Why would I change my plans now?” He didn’t respond, just looked out the window.
For a second, it looked like his mind drifted somewhere else entirely before he pulled himself back.
I’d thought we would talk about today being Shiloh's birthday. Maybe, hang out and go down memory lane but he didn’t bring it up so neither did I. Instead, he brought up the only other person we ever talked about.
“Have you talked to your mother?”
“I texted her this morning. She hit me with the thumbs-up emoji.”
He sighed, and I could see the sadness briefly. “I see.”
“How’s she been?” I asked.
“Your mom is one of the strongest people I know.”
Before I could respond, his desk phone rang. He answered and spoke for a few seconds before hanging up.
“I’m needed in a meeting downstairs with the design team.” He gathered his files quickly. “You can stay here if you want. Have Lena order you something to eat.”
He didn’t wait for a response before hurrying out. I sat there alone, slowly swiveling in his expensive chair. I drove two hours over here for nothing.
Just as I was about to get up and leave, my eyes drifted to his computer monitor. Still unlocked. That’s when a small idea crept in.
Thanksgiving weekend was around the corner. Everyone in this building looked like they needed a break weeks ago.
I rolled the chair closer to the desk and cracked my knuckles.
I opened the company-wide email list and typed:
Subject: Early Dismissal Tomorrow
Good afternoon,
In appreciation of everyone’s hard work, the office will be closing at 12 p.m. tomorrow so employees can begin their Thanksgiving holiday weekend early.Enjoy the time with your families.
-Management
I read over it twice, smirking, then hit “send.”
The whoosh of that outgoing email felt like freedom.
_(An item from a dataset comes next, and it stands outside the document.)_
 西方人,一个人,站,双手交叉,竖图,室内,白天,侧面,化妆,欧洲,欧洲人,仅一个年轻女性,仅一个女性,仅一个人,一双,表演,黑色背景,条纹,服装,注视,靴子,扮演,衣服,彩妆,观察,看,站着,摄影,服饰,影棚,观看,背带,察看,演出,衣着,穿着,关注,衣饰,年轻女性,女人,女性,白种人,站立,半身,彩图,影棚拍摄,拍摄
I knew my dad would be blowing my phone up as soon as he caught wind of it, but it would be worth it.
I locked the screen and made my way out of the office, passing by Lena’s desk again.
She looked from her computer screen up to me, eyebrows practically touching her hairline after reading the email.
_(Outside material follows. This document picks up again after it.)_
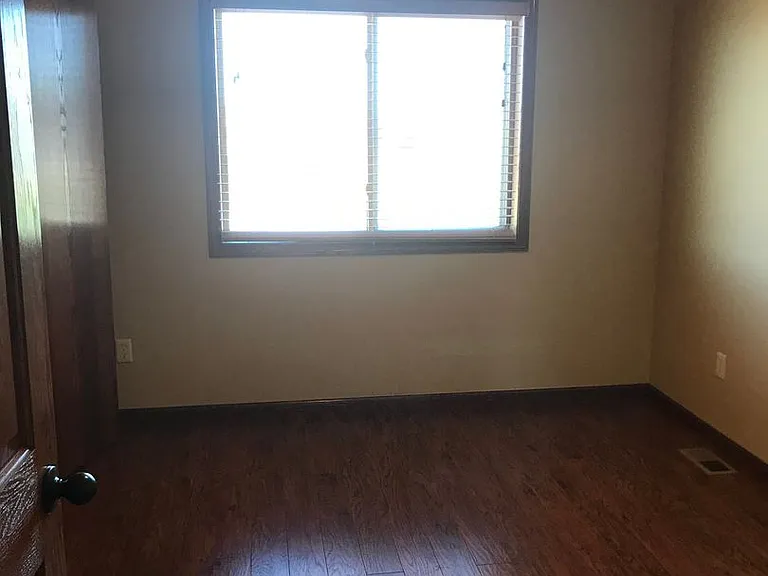 2917 S Purdue Ave — Photo 22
She pushed back from her seat, crossing her arms over her chest, but a smile formed.
“You know he’s going to be pissed, right? ”
I shrugged, stuffing my hands into my hoodie pockets. “What’s new?”
Lena laughed, shaking her head. “You know I've always liked you kid. Happy holidays.”
“Happy holidays.” I headed toward the elevator, something in my chest felt a little lighter.
Simone’s note.Telling my dad I wasn’t changing my plans to move to Union Heights.Doing something nice for the people in this building.
Maybe today wasn’t as heavy as it started.
Maybe things really could get lighter.
And maybe—just maybe—someone like Simone was the kind of light I needed more of.